Примерно то же самое можно сказать и про способы презентации исторического дискурса, к середине ХХ в. уже ставшие традиционными, в музеях, литературе, искусстве (мы будем рассматривать только аспекты, связанные с медиевализмом). После войны наблюдается активизация музейного дела. Ее причины были аналогичны росту реставрационных и восстановительных работ: через фиксацию памяти ставились цели преодолеть ментальную травму войны, сохранить свой мир, свою культуру, представления о своем народе и его месте в истории вопреки хаосу и разрушению. Второй причиной была смена власти в славянских и Балканских странах: после войны они образовали пояс стран народной демократии, к власти пришли коммунистические силы, установились режимы, следующие в фарватере политики СССР. Это требовало определенного пересмотра прошлого, демократизации музейных экспозиций, их изменения под требования новой идеологии (роль народа в истории, классовая борьба и т. д.).

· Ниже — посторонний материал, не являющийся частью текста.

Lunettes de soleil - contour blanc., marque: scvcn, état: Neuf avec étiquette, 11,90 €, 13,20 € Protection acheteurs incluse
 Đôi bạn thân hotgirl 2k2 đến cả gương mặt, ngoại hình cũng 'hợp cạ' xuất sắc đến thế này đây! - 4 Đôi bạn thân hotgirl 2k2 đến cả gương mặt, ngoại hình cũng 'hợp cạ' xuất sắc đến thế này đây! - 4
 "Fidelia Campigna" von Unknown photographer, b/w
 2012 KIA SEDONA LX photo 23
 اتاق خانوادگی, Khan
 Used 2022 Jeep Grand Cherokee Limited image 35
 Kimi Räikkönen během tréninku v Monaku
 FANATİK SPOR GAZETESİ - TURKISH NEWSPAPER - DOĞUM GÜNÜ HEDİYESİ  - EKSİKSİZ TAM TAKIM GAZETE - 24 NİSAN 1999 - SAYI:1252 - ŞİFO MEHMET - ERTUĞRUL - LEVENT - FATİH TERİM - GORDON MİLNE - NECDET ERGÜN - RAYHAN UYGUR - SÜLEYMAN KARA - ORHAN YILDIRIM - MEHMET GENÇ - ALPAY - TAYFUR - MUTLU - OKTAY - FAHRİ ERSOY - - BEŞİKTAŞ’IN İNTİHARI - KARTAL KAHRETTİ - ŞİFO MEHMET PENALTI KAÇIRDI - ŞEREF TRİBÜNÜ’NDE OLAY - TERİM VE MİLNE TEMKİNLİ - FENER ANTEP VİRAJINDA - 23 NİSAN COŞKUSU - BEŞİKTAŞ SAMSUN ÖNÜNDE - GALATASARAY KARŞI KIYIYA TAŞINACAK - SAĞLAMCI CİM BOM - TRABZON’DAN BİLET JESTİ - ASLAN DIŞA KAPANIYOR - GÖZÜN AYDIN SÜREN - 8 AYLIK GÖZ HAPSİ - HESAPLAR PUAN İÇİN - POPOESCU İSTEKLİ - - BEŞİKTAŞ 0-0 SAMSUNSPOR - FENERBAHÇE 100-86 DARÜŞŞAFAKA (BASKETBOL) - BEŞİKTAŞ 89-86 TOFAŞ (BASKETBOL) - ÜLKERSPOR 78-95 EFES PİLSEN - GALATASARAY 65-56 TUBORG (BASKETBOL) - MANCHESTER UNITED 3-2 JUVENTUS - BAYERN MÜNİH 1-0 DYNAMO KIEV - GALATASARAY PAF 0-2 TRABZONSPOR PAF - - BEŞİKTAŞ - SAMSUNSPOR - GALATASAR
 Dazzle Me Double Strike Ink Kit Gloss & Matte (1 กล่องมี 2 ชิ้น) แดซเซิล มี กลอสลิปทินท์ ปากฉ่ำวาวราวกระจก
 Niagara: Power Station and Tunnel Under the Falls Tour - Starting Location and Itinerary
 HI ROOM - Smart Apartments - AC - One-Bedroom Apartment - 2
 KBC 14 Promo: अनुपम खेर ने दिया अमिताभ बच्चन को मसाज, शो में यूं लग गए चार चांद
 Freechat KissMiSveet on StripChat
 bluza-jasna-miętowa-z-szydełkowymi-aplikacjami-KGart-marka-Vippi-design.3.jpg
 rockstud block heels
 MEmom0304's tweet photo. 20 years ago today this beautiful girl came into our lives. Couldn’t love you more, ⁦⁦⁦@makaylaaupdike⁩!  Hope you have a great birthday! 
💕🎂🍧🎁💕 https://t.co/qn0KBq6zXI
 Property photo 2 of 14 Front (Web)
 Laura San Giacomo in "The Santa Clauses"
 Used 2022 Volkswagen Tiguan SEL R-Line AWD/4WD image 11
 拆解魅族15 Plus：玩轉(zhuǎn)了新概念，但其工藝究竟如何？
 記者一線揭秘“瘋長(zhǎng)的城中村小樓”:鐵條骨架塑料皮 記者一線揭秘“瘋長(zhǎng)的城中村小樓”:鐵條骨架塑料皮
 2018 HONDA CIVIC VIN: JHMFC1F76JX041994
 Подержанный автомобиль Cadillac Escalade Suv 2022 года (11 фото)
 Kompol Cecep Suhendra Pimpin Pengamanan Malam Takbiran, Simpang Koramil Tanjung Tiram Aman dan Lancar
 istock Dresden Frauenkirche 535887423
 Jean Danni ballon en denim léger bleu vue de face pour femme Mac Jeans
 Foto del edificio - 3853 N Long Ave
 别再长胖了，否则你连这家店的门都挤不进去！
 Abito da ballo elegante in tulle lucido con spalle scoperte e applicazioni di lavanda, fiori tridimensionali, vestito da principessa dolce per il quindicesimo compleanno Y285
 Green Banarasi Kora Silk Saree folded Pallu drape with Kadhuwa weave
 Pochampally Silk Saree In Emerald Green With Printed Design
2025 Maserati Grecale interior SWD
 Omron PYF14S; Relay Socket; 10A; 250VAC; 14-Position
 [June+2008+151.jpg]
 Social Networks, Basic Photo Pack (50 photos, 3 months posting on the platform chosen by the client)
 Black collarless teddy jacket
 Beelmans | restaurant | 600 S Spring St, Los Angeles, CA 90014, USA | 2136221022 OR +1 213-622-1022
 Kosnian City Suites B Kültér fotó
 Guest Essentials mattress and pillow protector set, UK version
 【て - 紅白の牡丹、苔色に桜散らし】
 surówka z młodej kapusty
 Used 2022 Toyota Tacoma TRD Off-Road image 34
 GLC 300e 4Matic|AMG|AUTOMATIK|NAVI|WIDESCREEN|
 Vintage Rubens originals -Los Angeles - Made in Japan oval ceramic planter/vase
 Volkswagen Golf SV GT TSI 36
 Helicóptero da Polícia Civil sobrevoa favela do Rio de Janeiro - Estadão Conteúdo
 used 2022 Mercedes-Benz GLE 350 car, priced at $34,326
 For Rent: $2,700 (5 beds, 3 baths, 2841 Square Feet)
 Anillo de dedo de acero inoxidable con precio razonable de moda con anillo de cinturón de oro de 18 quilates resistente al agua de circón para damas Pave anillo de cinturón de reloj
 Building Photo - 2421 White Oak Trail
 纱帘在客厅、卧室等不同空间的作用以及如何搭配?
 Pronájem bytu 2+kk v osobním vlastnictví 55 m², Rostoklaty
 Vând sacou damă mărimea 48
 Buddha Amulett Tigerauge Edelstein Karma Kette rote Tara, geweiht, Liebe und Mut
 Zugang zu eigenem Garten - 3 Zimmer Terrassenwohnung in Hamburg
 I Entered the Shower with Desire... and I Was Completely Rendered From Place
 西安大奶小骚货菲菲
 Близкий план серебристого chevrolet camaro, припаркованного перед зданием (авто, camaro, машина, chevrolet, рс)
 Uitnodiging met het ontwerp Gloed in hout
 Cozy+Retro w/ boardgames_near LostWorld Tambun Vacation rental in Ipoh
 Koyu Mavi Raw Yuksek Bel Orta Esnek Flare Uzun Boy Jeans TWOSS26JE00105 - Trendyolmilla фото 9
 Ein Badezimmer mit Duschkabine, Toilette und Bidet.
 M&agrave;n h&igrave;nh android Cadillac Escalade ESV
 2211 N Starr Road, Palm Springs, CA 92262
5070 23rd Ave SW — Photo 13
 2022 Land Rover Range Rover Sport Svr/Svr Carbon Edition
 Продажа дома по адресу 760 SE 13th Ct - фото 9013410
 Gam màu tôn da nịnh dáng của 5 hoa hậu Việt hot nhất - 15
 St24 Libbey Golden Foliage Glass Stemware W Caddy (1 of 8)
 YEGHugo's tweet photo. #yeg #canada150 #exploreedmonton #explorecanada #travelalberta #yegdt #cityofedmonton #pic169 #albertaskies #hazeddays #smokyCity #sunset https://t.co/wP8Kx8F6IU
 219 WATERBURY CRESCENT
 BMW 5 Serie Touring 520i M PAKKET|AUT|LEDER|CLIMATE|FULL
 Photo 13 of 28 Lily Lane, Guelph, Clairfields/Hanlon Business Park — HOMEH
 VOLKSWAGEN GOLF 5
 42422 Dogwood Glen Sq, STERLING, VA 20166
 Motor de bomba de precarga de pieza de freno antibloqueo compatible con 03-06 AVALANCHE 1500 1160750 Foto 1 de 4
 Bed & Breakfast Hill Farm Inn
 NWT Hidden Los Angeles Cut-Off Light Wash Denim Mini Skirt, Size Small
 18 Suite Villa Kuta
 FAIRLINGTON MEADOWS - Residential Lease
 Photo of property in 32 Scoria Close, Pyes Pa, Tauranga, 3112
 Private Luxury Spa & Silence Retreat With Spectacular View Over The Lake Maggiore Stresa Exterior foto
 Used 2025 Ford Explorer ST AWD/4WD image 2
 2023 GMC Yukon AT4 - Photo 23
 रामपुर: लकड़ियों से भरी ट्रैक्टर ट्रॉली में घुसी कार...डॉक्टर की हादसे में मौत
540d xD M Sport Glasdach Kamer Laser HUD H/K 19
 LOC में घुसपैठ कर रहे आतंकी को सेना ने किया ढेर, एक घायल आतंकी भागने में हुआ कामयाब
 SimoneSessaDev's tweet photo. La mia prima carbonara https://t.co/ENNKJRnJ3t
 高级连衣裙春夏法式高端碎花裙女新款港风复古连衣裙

На этом фоне медиевализм оказывался не очень востребован — в основном открывались музеи, посвященные подвигам народов во Второй мировой, сопротивлению оккупантам, жертвам нацизма. Коммунистическая доктрина также обращала внимание на недавнюю историю рубежа XIX и XX вв. При открытии археологических и общеисторических музеев уделялось внимание реликвиям, происхождению народов и государств и т. д. В 1957 г. открыта Венгерская национальная галерея, в 1963 г. — исторический музей в Белграде (Югославия).
Поляки, только что вновь обретшие свою государственность, обращали внимание на музеефикацию происхождения Польши: в 1956 г. в средневековой столице Гнезно был открыт филиал Познанского археологического музея, который в 1983 г. будет преобразован в Музей истоков Польского государства. В 1964 г. в Ленчице был реконструирован средневековый замок, а в нем создан музей. В 1969 г. на озере Ледница открыл двери Музей первых Пястов.
Нередко обращение к медиевализму было связано с круглыми датами, юбилеями. В Болгарии Национальный исторический музей был открыт по решению Совета министров Народной Республики Болгария в 1973 г., а частью его экспозиции стала открытая в 1984 г. выставка в здании Дворца юстиции в Софии, посвященная 1300-летию Первого Болгарского царства (681–1981).
Однако все эти примеры являются точечными и теряются среди массы военно-исторических и краеведческих музеев, открытых в послевоенное время. Примерно та же картина имела место в художественной литературе. Жанр исторического романа беллетризировался, раздробился, стал более развлекательным, относящиеся к нему произведения стали менее значимыми. Читателей больше волновали Вторая мировая война и борьба за свободу (на этот раз с уклоном в социальный аспект, актуальный для ХХ в.). Романы и повести о далеком прошлом были меньше востребованы и уже не вызвали душевного потрясения.